Extracted information: Begin
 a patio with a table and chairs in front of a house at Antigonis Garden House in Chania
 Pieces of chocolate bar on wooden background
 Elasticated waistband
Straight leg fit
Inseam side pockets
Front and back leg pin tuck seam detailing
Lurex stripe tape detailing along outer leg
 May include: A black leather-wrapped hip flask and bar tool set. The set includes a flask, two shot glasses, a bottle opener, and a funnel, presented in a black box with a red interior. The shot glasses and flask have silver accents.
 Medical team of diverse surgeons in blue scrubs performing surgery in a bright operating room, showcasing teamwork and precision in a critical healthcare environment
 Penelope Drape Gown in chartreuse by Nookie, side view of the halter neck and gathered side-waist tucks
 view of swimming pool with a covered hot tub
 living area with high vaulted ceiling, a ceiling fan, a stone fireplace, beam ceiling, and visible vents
Extracted information: End
Extracted information: Begin
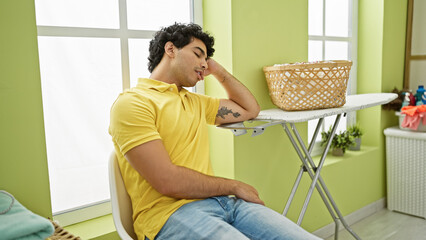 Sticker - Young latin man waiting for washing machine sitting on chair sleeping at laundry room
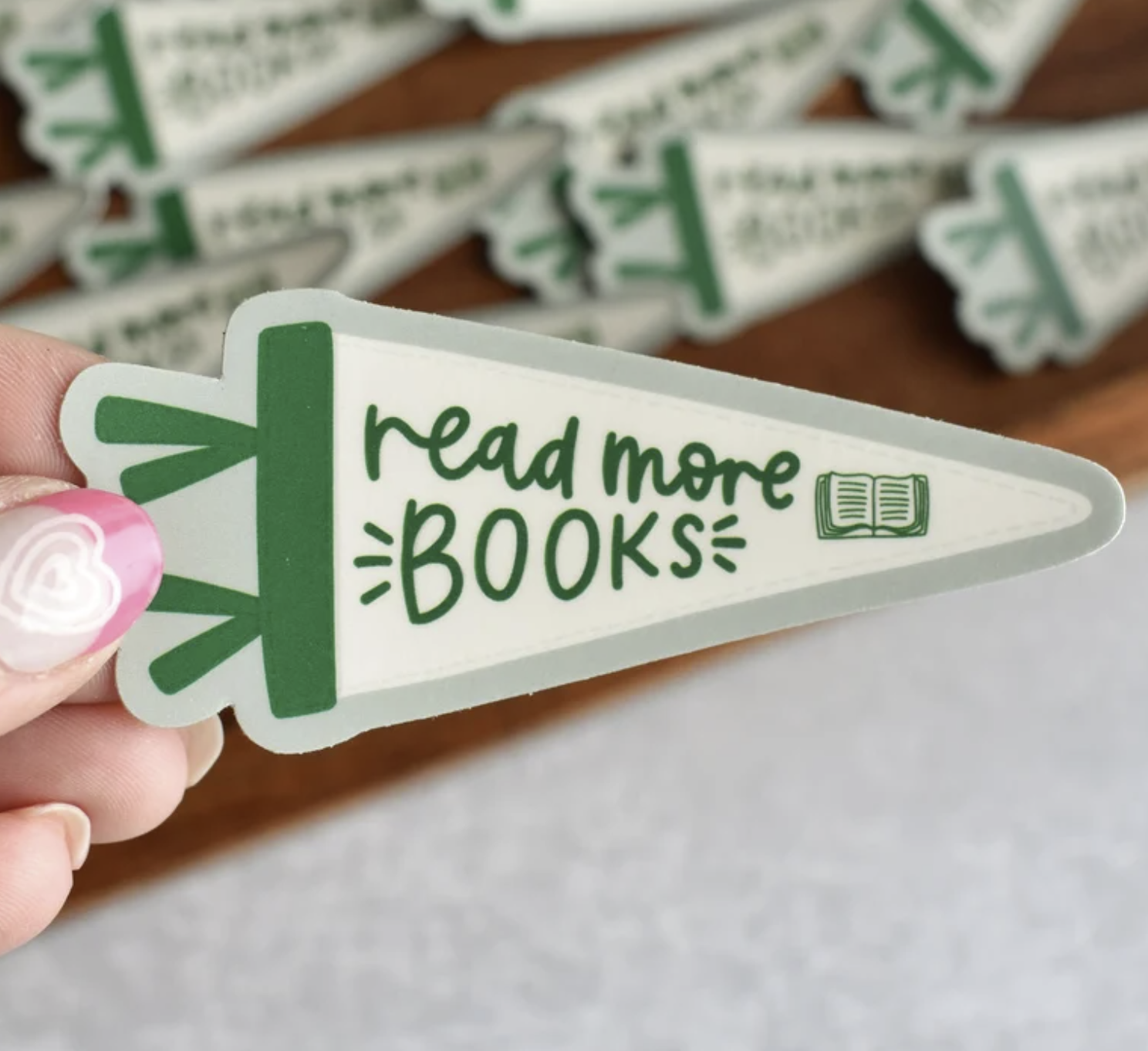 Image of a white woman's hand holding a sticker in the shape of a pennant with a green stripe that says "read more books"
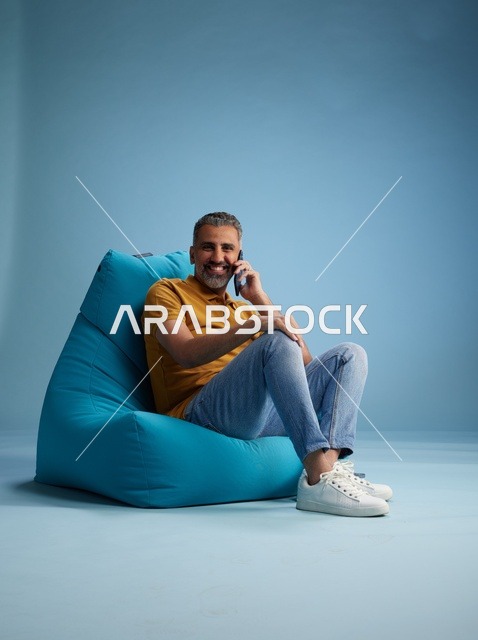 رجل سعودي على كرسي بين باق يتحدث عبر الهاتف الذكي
Extracted information: End
> [What is needed]
Go through the material and copy each line that contains "detailing".

> [Answer section]
Front and back leg pin tuck seam detailing
Lurex stripe tape detailing along outer leg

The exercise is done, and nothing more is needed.